Questa tragedia senza fine di due popoli in un’unica terra si intreccia con la storia delle popolazioni della regione e con i processi della politica mondiale, e diventa oggetto e parte attiva di un conflitto di potere molto più ampio, addirittura globale. In questi giorni in cui il mondo intero tiene il fiato sospeso per paura di un’escalation, dagli sbocchi imprevedibili, tra Israele ed Iran, e mentre continuano le offensive a Gaza e ora anche in Libano, è difficile dipanare la matassa. Chi invoca il diritto internazionale non come paradigma – per tracciare il confine tra l’umano e il disumano – ma come strumento risolutivo, e tenta di giudicare quanto accade sulla base del rispetto o della violazione di tale diritto, perde di vista l’assioma fondamentale su cui poggia la possibilità del diritto internazionale di funzionare come deterrente e come garanzia, se non della pace, quantomeno del tentativo di risolvere i conflitti attraverso l’uso della diplomazia: questo assioma è che ci sia una volontà e una capacità, da parte delle potenze che hanno maggior peso a livello internazionale, di creare le condizioni per la stabilità nelle diverse aree del mondo e per rafforzare gli organismi internazionali e la cooperazione. È la forza delle potenze maggiori che permette di arrivare (a volte dovendola imporre) ad una soluzione diplomatica dei conflitti. Viceversa, proprio la mancanza di un ordine internazionale con caratteristiche positive, unito all’assenza, in questa fase, delle condizioni per costruirne uno, porta inevitabilmente all’ulteriore inasprirsi della lotta per l’egemonia globale e – a cascata – nelle diverse regioni. È questo il quadro da cui partire, ed è questa la ragione profonda di quanto sta succedendo, anche in Medioriente – oltre che dell’impotenza dell’ONU.

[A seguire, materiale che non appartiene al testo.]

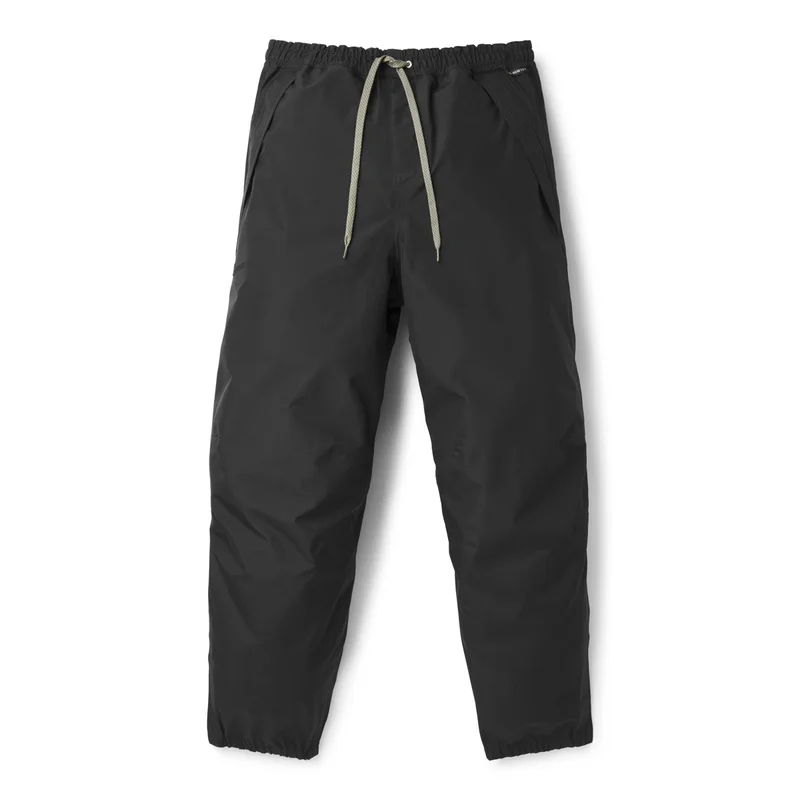 Image of Cascade Crest Packable 3L GTX Rain Pants Black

Nel conflitto che si è scatenato in risposta al massacro del 7 ottobre è facile indentificare le vittime innocenti: sono la popolazione palestinese e quella israeliana, e più di tutti, in entrambi i casi, coloro che cercano e vogliono la pace e la convivenza in armonia. È facile anche vedere i colpevoli: da un lato gli estremisti della destra religiosa israeliana, e con loro Netanyahu, che lavorano per impedire la pace, per indebolire la democrazia in Israele e per soffocare i diritti dei palestinesi; dall’altro Hamas e tutte le organizzazioni terroristiche (Hezbollah, gli Houti, lo stesso regime iraniano) che alimentano l’odio non riconoscendo il diritto di Israele ad esistere, e soffocano le loro popolazioni tenendole in ostaggio della loro strategia di guerra e della loro ideologia autocratica che non riconosce il diritto alla libertà e all’uguaglianza. Per questo non ha senso schierarsi da una parte o dall’altra, in questo conflitto, accettando la logica della polarizzazione che da sempre caratterizza la questione israelo-palestinese. Bisognerebbe schierarsi – avere la forza e la capacità di schierarsi – con quella parte delle popolazioni nella regione, da una parte e dall’altra, che si batte per la libertà e i diritti, per la democrazia e per la pace.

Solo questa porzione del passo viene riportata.